Da un lato rinnovarla, introducendo elementi che distinguano le avventure di una generazione di Ohmsford da quelle della precedente; dall’altro, mantenere intatti gli elementi stilistici e strutturali che ne hanno segnato la fortuna e che, di conseguenza, l’autore si vede “costretto” a offrire ai propri lettori, per non deluderne le attese.

Con Jarka Ruus – primo capitolo della nuova trilogia Il druido supremo di Shannara – tutto sommato Brooks non fallisce e sforna un buon romanzo.

Rinnovarsi nella continuità, dunque.

L’autore in “Jarka Ruus” ci riesce meglio di quanto non avesse saputo fare con la trilogia precedente, “Il viaggio della Jerle Shannara”.

Mentre lì infatti il ricorso a elementi intrinseci della saga – la quest, il viaggio, personaggi costretti a convivere col loro retaggio e coi segreti degli altri – appariva forzato e dava luogo a situazioni talvolta scontate e a rivelazioni che non suscitavano alcuna sorpresa, in quest’ultimo romanzo si ha invece l’impressione che Brooks abbia voluto giocare a carte scoperte.

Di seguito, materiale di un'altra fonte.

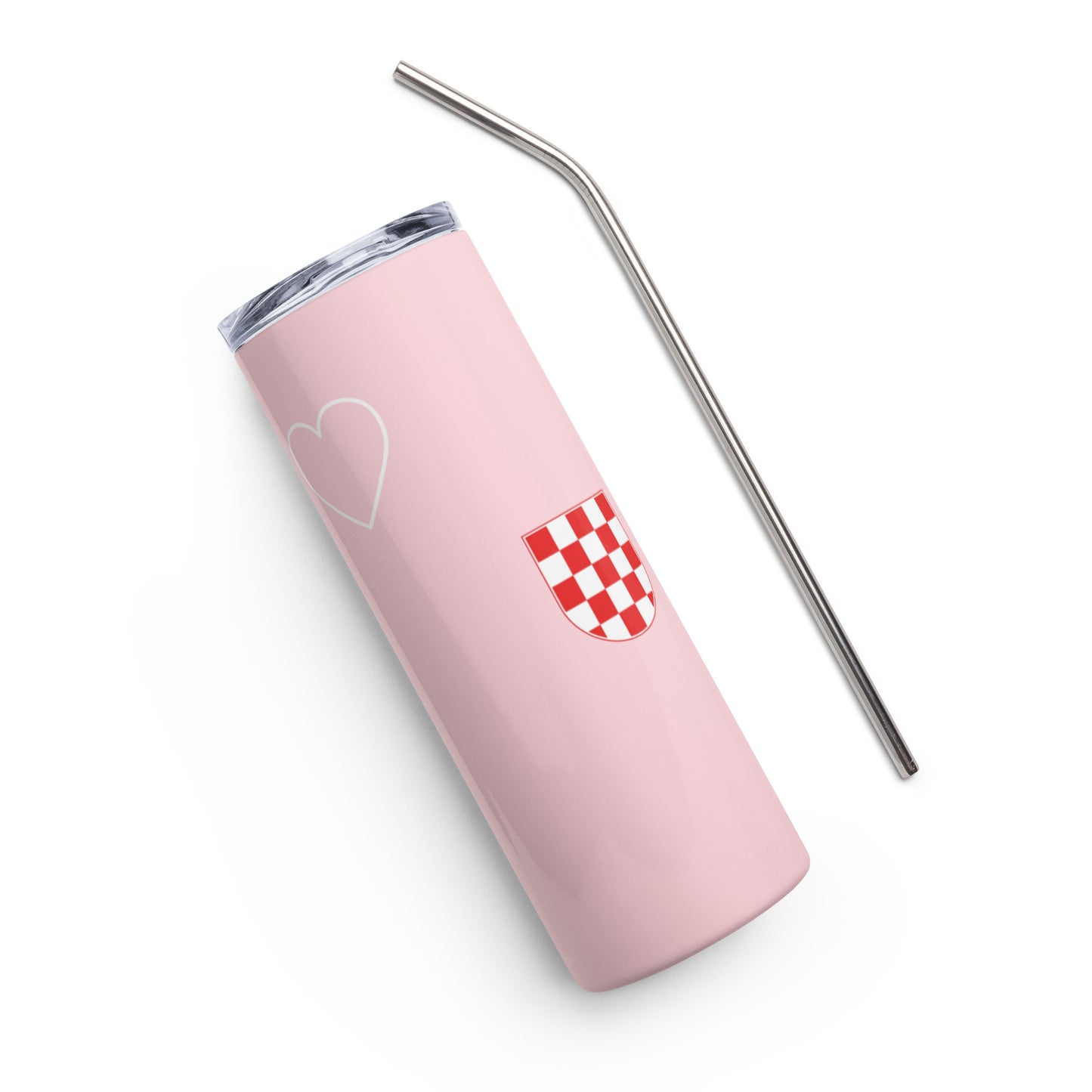 Hrvatska Hearts Stainless steel tumbler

L’autore sembra infatti consapevole che i suoi lettori abituali conoscono i suoi trucchi, il suo modo di gestire le situazioni, di piazzare colpi di scena e svolte narrative. Di conseguenza, decide di non barare più.

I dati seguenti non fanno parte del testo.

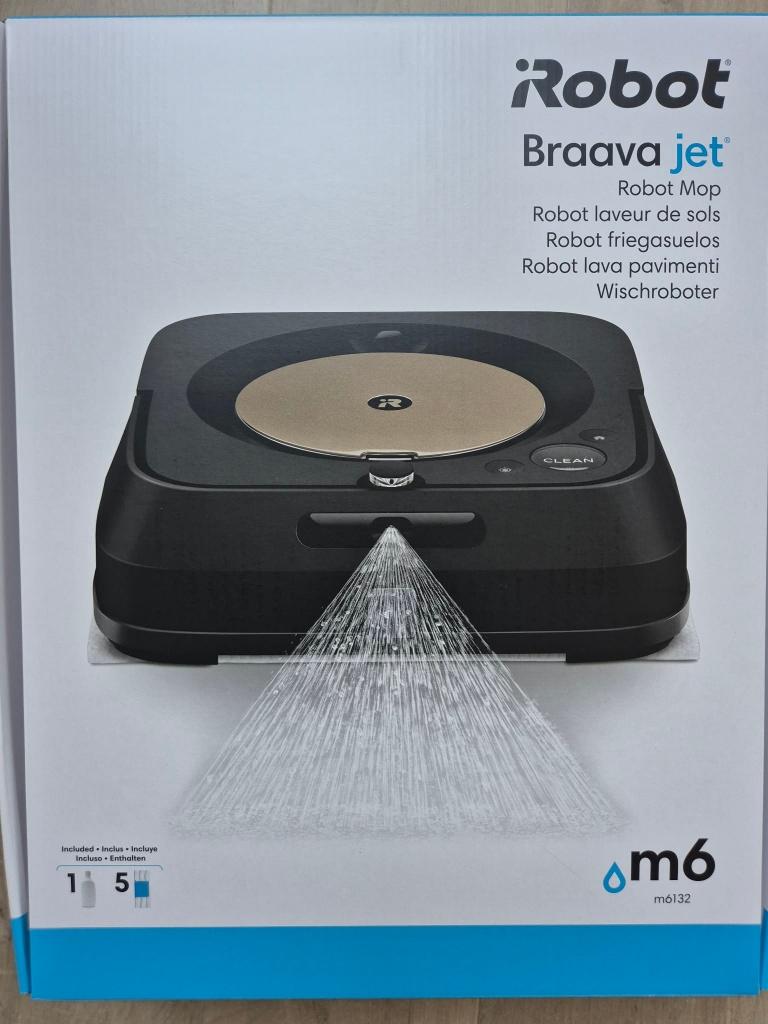 Robot BRAAVA JET M6 - NIEUW, Ophalen of Verzenden, Nieuw, Robotstofzuiger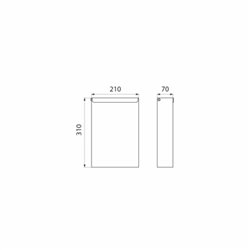 Corbeille murale 465S inox poli satiné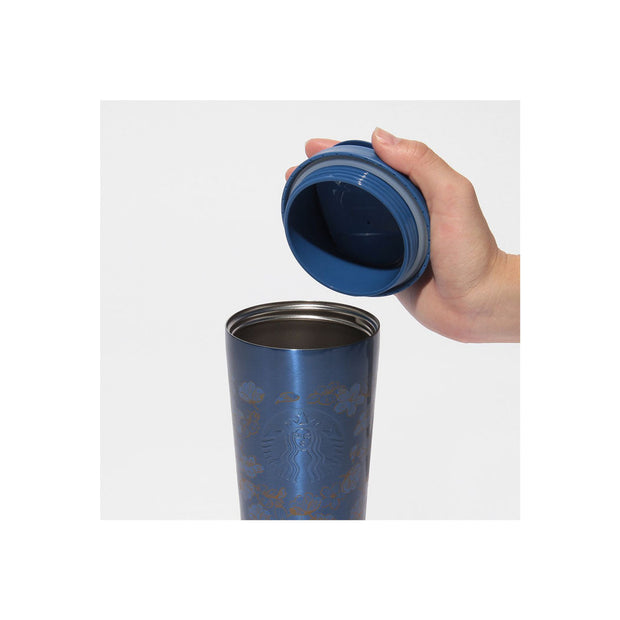 Starbucks Sakura 2025 Stainless Steel Tumbler Night Blue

Ecco perciò sfrondate inutili attese di rivelazioni a cui il lettore sa giungere da solo, limitando i misteri a quelli necessari ad ammantare di pathos la storia. Ecco che il ruolo dei vari personaggi appare chiaro sin dalla loro prima apparizione (salvo qualche caso e mai comunque in maniera tale da fare sospettare improvvisi e radicali cambiamenti). Ecco che la storia scorre fluida verso la direzione che il lettore immagina sin dalle prime pagine, senza parentesi inutili o svolte non funzionali al filo principale.

Se proprio devo offrire quello che il lettore mi chiede, sembra dire Brooks tra le righe, allora glielo offro in maniera diretta, senza offendere la sua intelligenza o sottovalutare le sue capacità di leggere le mie intenzioni.

E da questo atteggiamento (nuovo, se rapportato alla saga precedente) “Jarka Ruus” trae giovamento. Il romanzo mantiene sempre un buon equilibrio tra le sue varie componenti narrative; molte scene hanno un vigore che Brooks pareva avere smarrito; alcune invenzioni (come Aphasia Wye e la vita nelle terre del Divieto) sono tra le migliori di Brooks da molto tempo a questa parte.

Certo, qualche difetto c’è. Alcune figure (specialmente tra quelle dei Villains) sono appena sbozzate, semplici strumenti funzionali allo svolgimento della trama. Qualche (lunga) pennellata paesaggistica sembra tirata fuori da romanzi precedenti dello stesso Brooks. La descrizione degli stati d’animo di alcuni personaggi di fronte ad alcune situazioni avrebbero potuto essere approfondite maggiormente.

Si tratta, tuttavia, di peccati veniali, che pur non consentendo al romanzo di assurgere ai livelli di alcuni volumi precedenti della saga di Shannara, di certo non lo penalizzano al punto da farci rimpiangere le opere più riuscite dell’autore.

In un’epoca in cui molti autori fantasy (anche il nostro) sembrano scrivere romanzi più per motivi commerciali che per autentica passione, al sottoscritto il risultato ottenuto con “Jarka Ruus” sembra già buono.